This Mother Jones article provides a fascinating glimpse into the world of American right-wing militias. As someone who studies militias, paramilitaries, and other armed groups, it’s worth asking how we can think about these types of actors. Another useful resource is the Southern Poverty Law Center.
First, America’s militias fall into what I refer to in published work (borrowing from Auyero) as a “gray zone” ideological space. They generally seem to be seen as undesirables in the eyes of Washington, DC – a potential problem to be monitored and whose activities need to be contained below a certain level (i.e. not doing Oklahoma City bombings), but not an existential threat to the state or nation. On the ground, it seems like some of these groups are seen by street-level Border Patrol members as more akin to business partners or even allies. They are protected from the kind of full-scale violence monopolization that a mortal enemy would face, instead living in a liminal space between enemy (the stereotypical insurgent/rebel) and friend (pro-state paramilitaries, the armed wings of ruling parties, etc) of the government.
Second, this ideological position is a mixed blessing. The ambiguities of what it means to be a patriotic militia protect it from annihilation – the militias can appeal to the symbols and language of the Constitution, claiming that seek to preserve and uphold the system rather than overthrow it. This is a key reason why large numbers of politicized men with guns are able to operate without attracting the kind of massive crackdowns that a similarly-sized/-armed group of Islamists or Communists would immediately face. Perhaps to their horror, they occupy a similar position as certain Islamist armed groups in Pakistan – unsavory, problematic, but tolerable.
Yet, like with loyalist paramilitaries in Northern Ireland, this leads them to attract lower-quality recruits – the formal state security forces are the natural place for highly motivated, educated, and skilled potential recruits seeking to preserve the republic (however, it’s worth noting that a good number of the militia members seem to be former enlisted military).

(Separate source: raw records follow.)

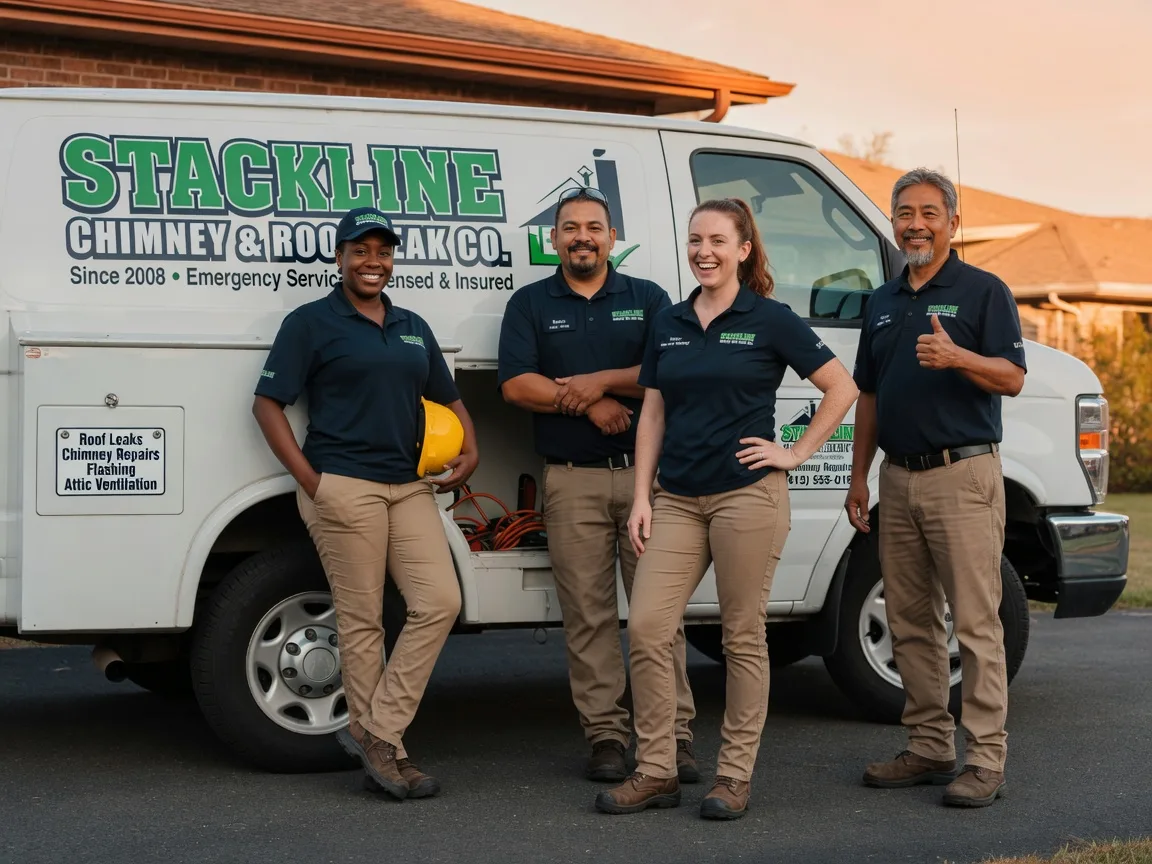 Chimney flashing repair company in Durant, MS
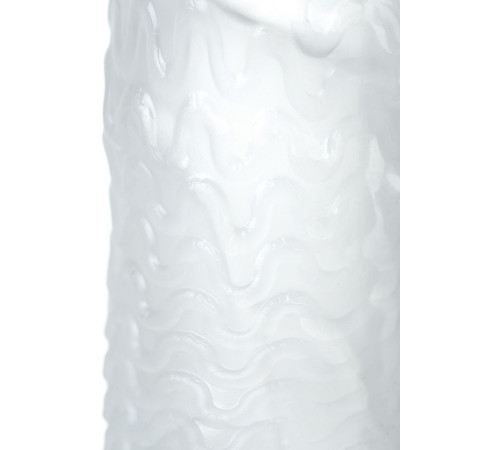 Белый мастурбатор A-Toys Pocket Wavy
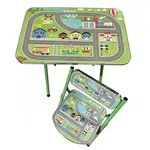Set de mobilier pentru copii Richi (897211) Masa cu scaun Orășel, 60x40cm
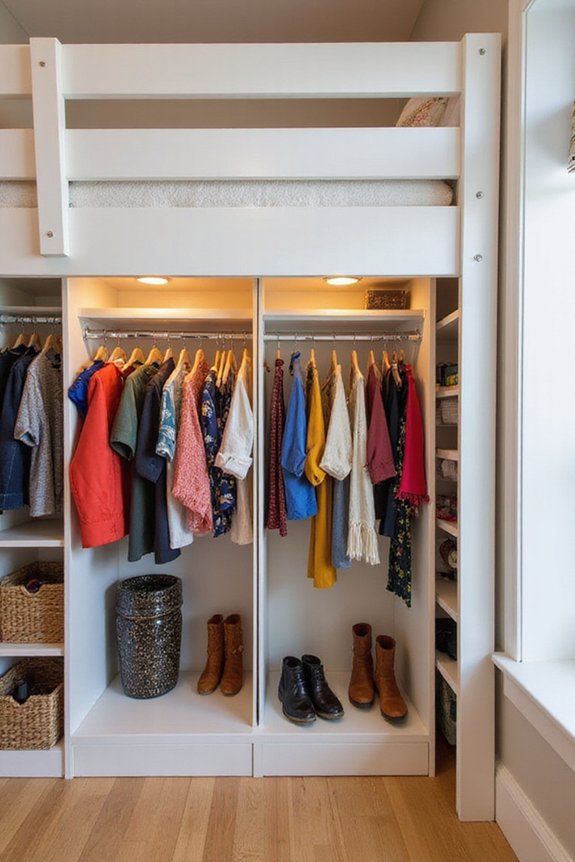 versatile walk in closet storage solution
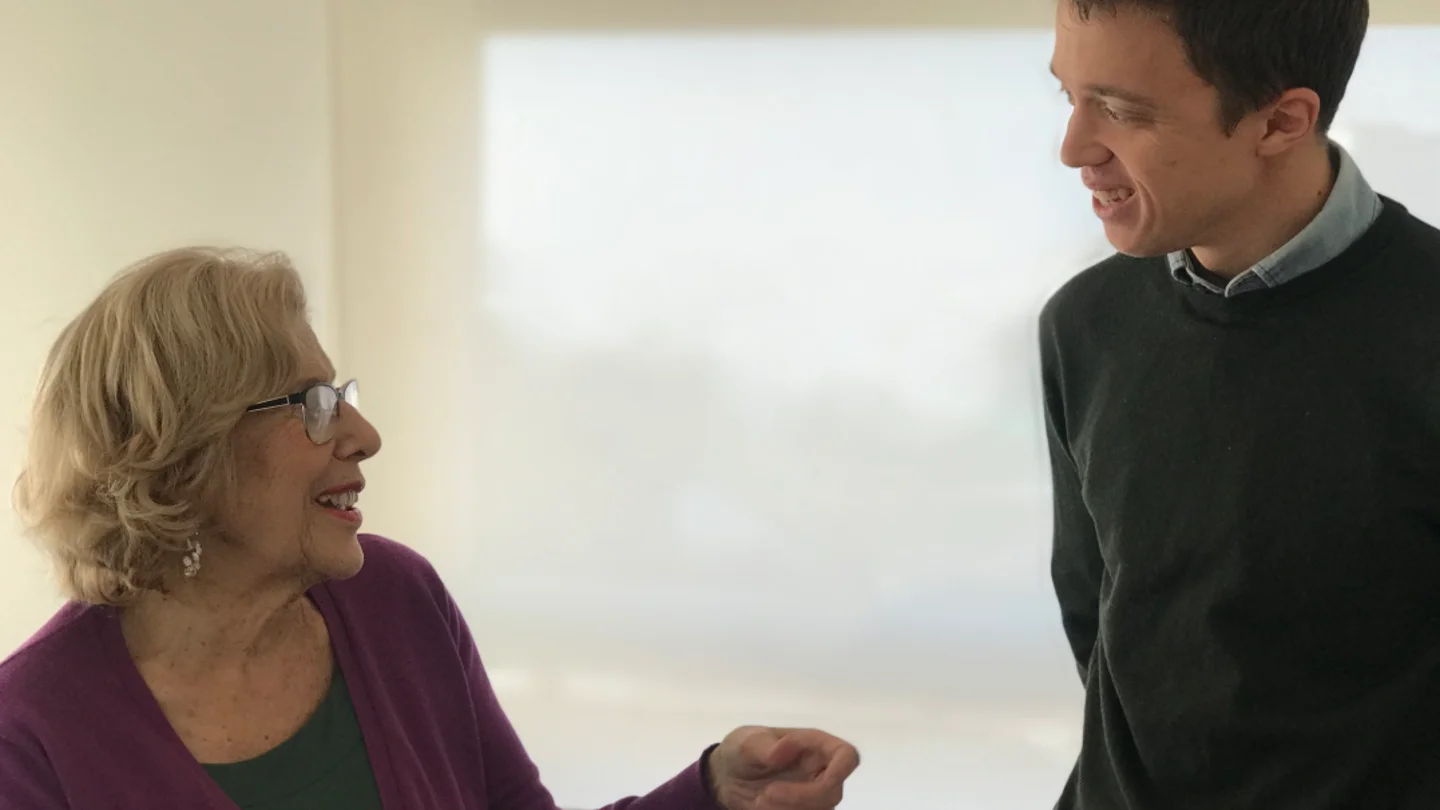 La alcaldesa de Madrid, Manuela Carmena y el exdiputado de Podemos, Íñigo Errejón. La alcaldesa de Madrid, Manuela Carmena y el exdiputado de Podemos, Íñigo Errejón.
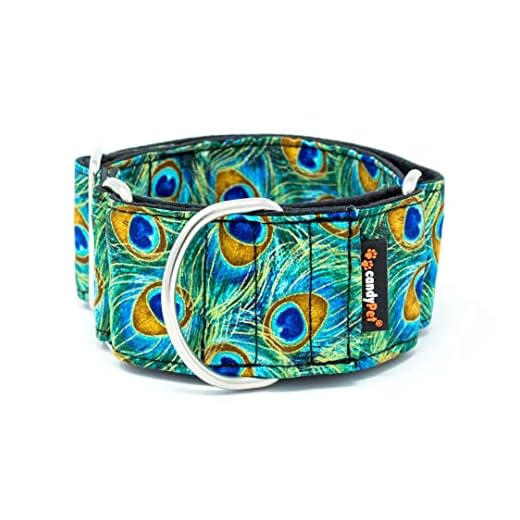 CandyPet AN10026-002 Peacock halsband Martingale 4 cm - Maat 2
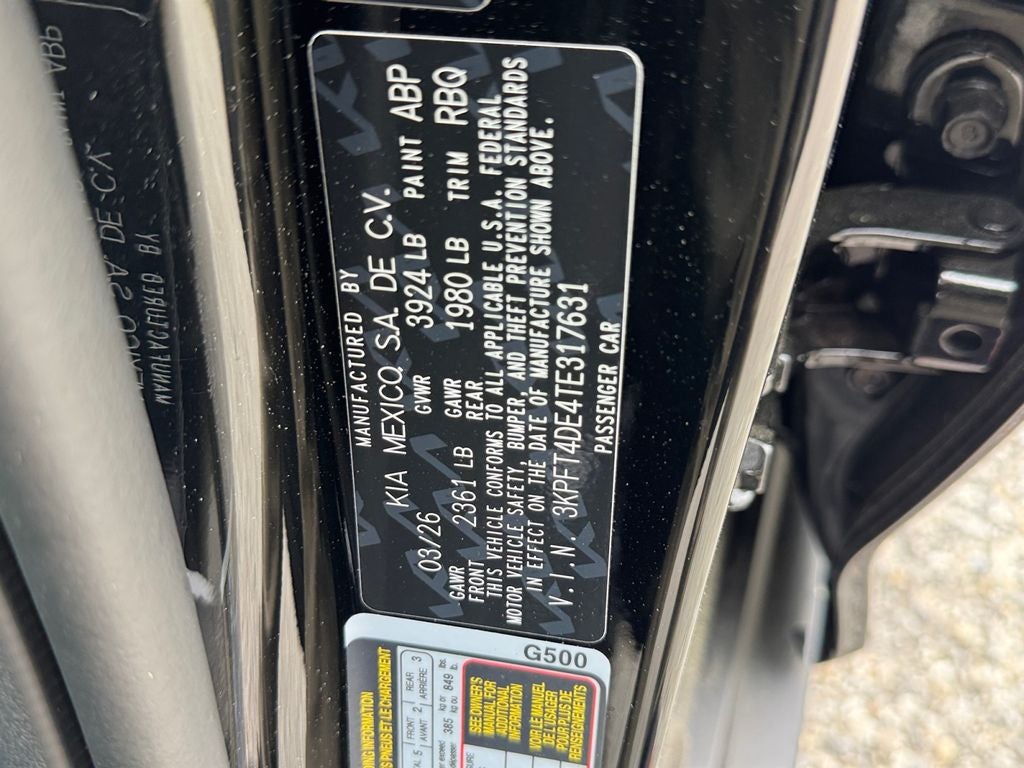 2026 Kia K4 LXS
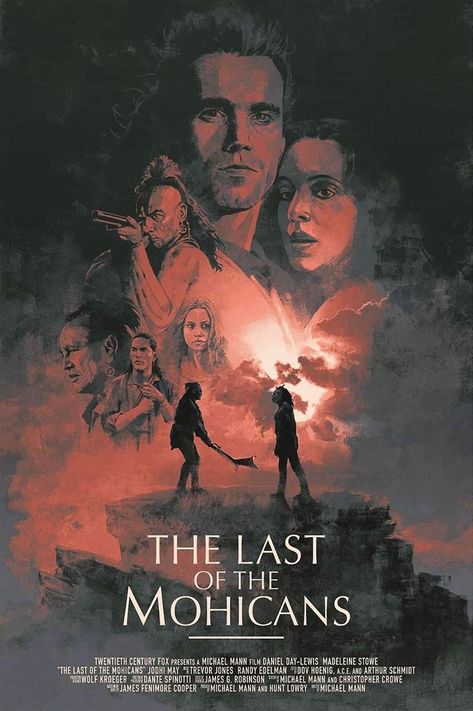 The Last of the Mohicans (1992) [897x1347] By Hans Woody The Last Of The Mohicans, Last Of The Mohicans, The Possession, American Colonies, Fort William, Movie Poster, England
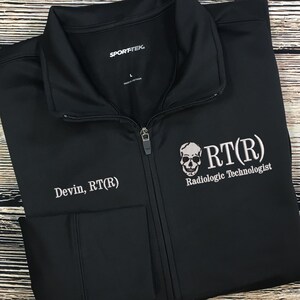 HOMMES/Unisexes - Veste technique de radiologie | Veste Rad Tech | Veste RT | Veste technique pour rayons X | Technologue en radiologie | Technicien en radiologie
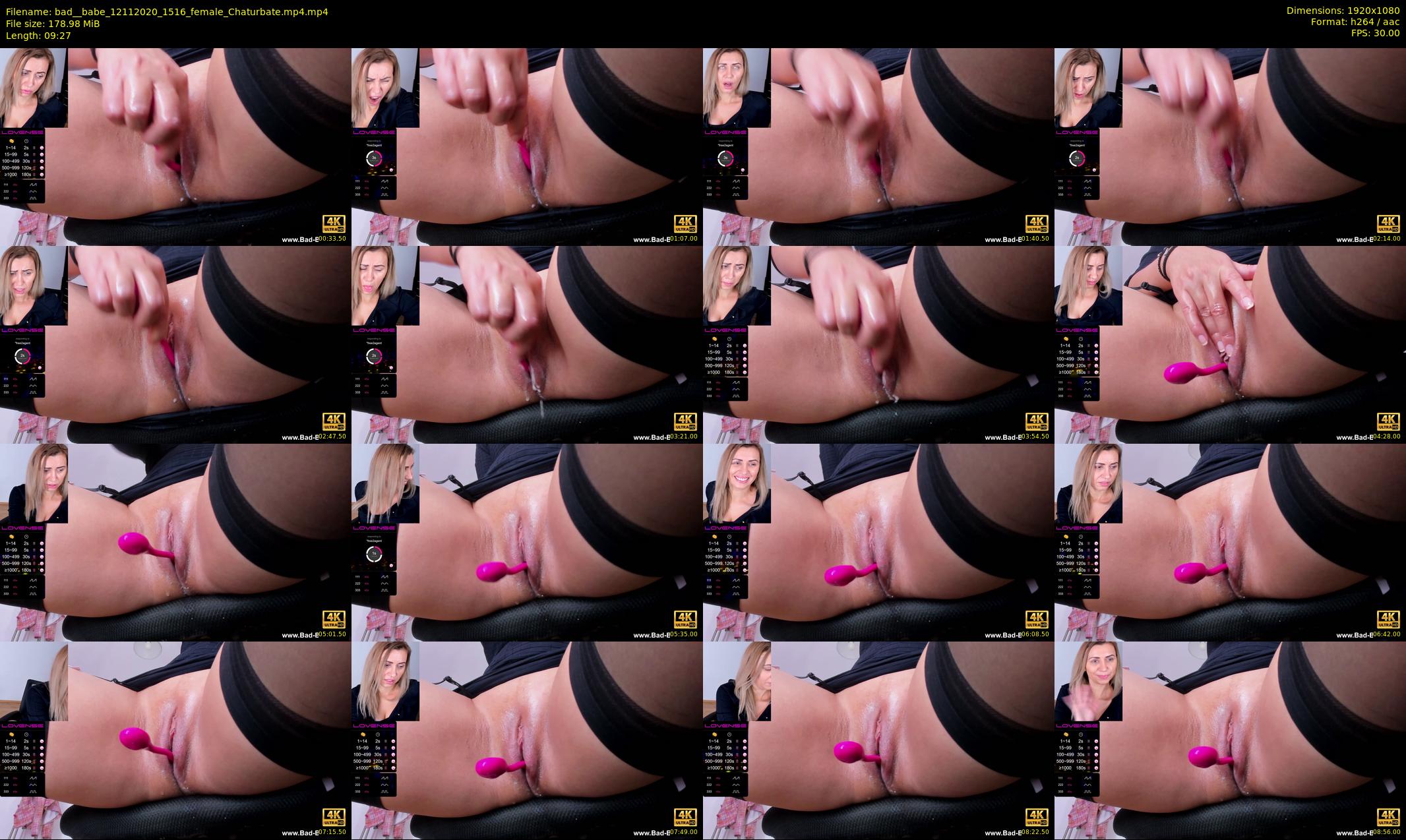 bad__babe — 10 minute Chaturbate female cam show recording, 1080p, Nov 12, 2020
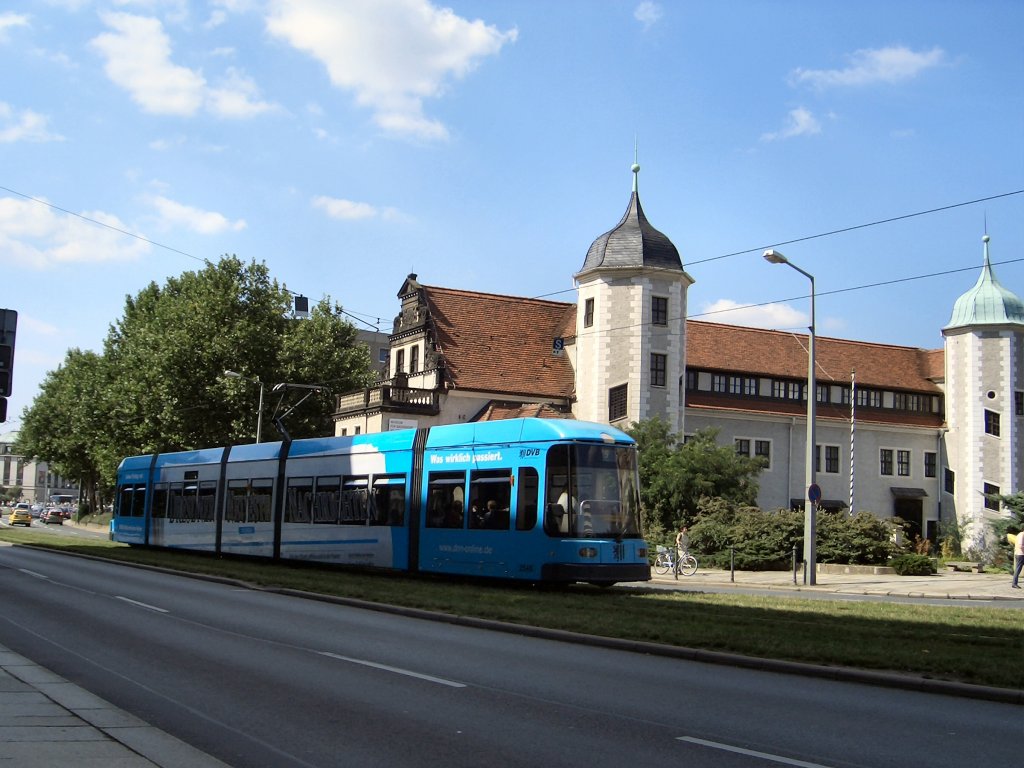 Niederflurbahn durch Dresden, 21.8.2005
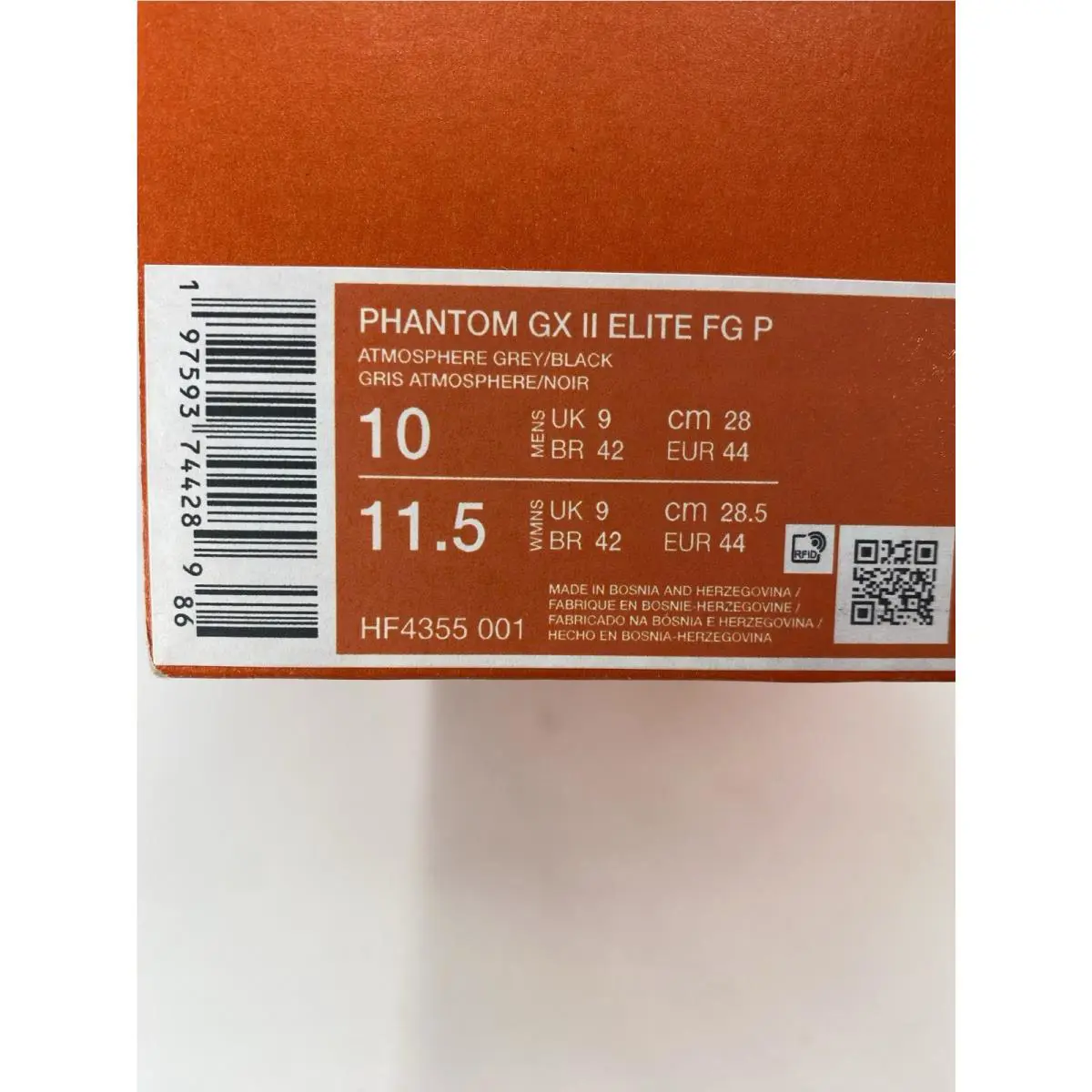 Nike shoes - Nike Phantom GX - Phantom - HF4355-001 - Black (UPC: 197593744289) 8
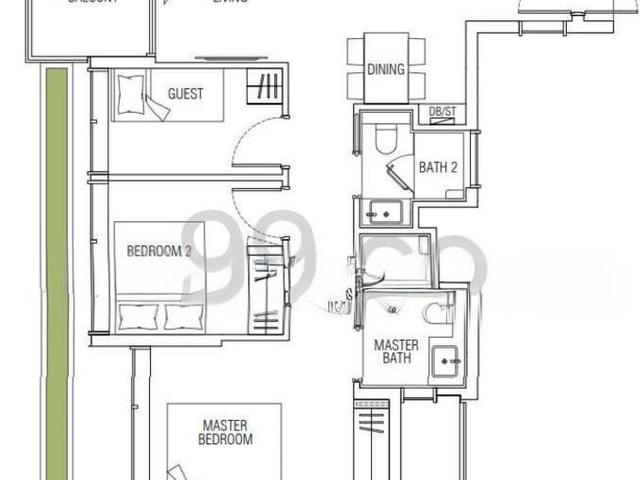 Jervois Mansion D10, Apartment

Though there is surely a lot of variation, one doesn’t get the sense that many of these recruits have articulated a clear political agenda or are able to draw on substantial political, intellectual, or economic resources. Trotskys and Kagames seem scarce. The Mother Jones article clearly identifies the potential dangers of recruiting from this kind of pool: too many unstable, poorly disciplined, and/or unsuccessful individuals who get an adrenaline kick out of playing war, too few of the committed leaders that Reno and Weinstein have identified as crucial for forging enduring rebellion in African civil wars.
Third, this is a hugely fractured movement, rife with rivalries and divisions. Such fragmentation helps militias avoid being perceived as major threats, but limits the movement’s organizational potential. There is no obvious unifying force that can turn localized pockets of discontent into a coherent armed force – depending which militia we’re talking about, these look like what I refer to in my book as fragmented or vanguard groups, with maybe a few parochial groups that draw on specific localities favorable to militia politics.
Without links to parties, social movements, or political entrepreneurs, and in the face of a coherent central security apparatus, this challenge will be enormously difficult to overcome. Nevertheless, potential remains for the various factions and micro-groups to carry out operations that could involve violence or escalation into broader conflict.
Fourth, and finally, this is a reminder that the United States has a long history of political violence: riots, lynching, militias, violent leftist radicals, the KKK, the police, ethnic cleansing, the FBI, etc are all part of American politics. Violence isn’t just something that just happens in the “developing world,” but instead has been central to the formation of our state and society. The American political “mainstream” has been defined by these struggles, and it (and the formal institutions and processes that receive so much study) are garrisoned and made possible by huge, if highly decentralized, security forces. All of this is worth far more attention than it gets.